Example No. 13 includes the features of Example Nos. 11-12 and optionally includes a machine-readable medium wherein the random source data comprise one or more of a file name, a file size, a sender private key, a receiver public key, a file header and an initialization vector.

Example No. 14 includes the features of Example Nos. 11-13 and optionally includes a machine-readable medium wherein the random source data comprise a user identity and a user authorization attribute.

Example No. 15 includes the features of Example Nos. 11-14 and optionally includes a machine-readable medium wherein the initial seed comprises a function of a required strength of the validation of the integrity of the data file.

Example No. 16 includes the features of Example Nos. 11-15 and optionally includes a machine-readable medium wherein validating the integrity of the data file results in an identification of malware in the data file.

Example No. 17 includes the features of Example Nos. 11-16 and optionally includes a machine-readable medium comprising instructions for forming a signature for the data file, the signature comprising the hash value, a sender identification, a sender key identification, and an initialization vector.

Example No. 18 includes the features of Example Nos. 11-17 and optionally includes a machine-readable medium wherein the sender and the receiver, prior to a transmission of the data file, agree to a content of the random source data and to a number of times that the deterministic random number generator is executed.

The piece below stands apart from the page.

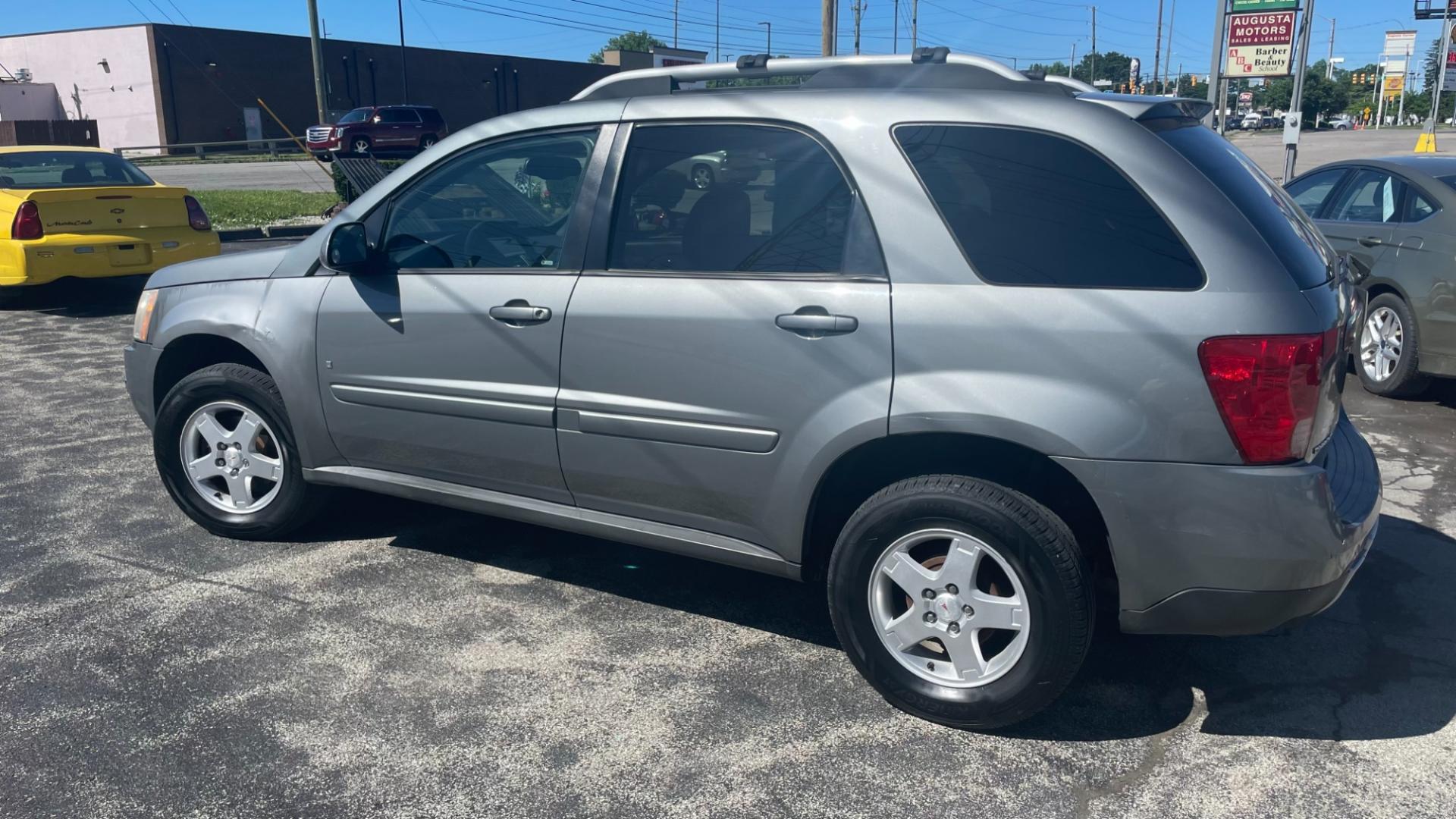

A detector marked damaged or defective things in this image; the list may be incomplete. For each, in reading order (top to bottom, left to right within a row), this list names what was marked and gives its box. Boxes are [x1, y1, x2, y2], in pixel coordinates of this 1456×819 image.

cracked pavement [0, 269, 1450, 816]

Example No. 19 includes the features of Example Nos. 11-18 and optionally includes a machine-readable medium wherein locations of the blocks in the data file are a function of the random values.

Example No. 20 is a system comprising a processor and a memory coupled to the computer processor; wherein the processor and the memory are operable for calculating an initial seed using key material from the sender and the receiver, and random source data; providing the initial seed to a deterministic random number generator; executing the deterministic random number generator a plurality of times, thereby generating a plurality of random values; selecting a plurality of blocks in the data file as a function of the random values; generating a hash value for each of the plurality of blocks; and validating the integrity of the data file by comparing the hash value for each of the plurality of blocks of the sender to the hash value for each of the plurality of blocks of the receiver.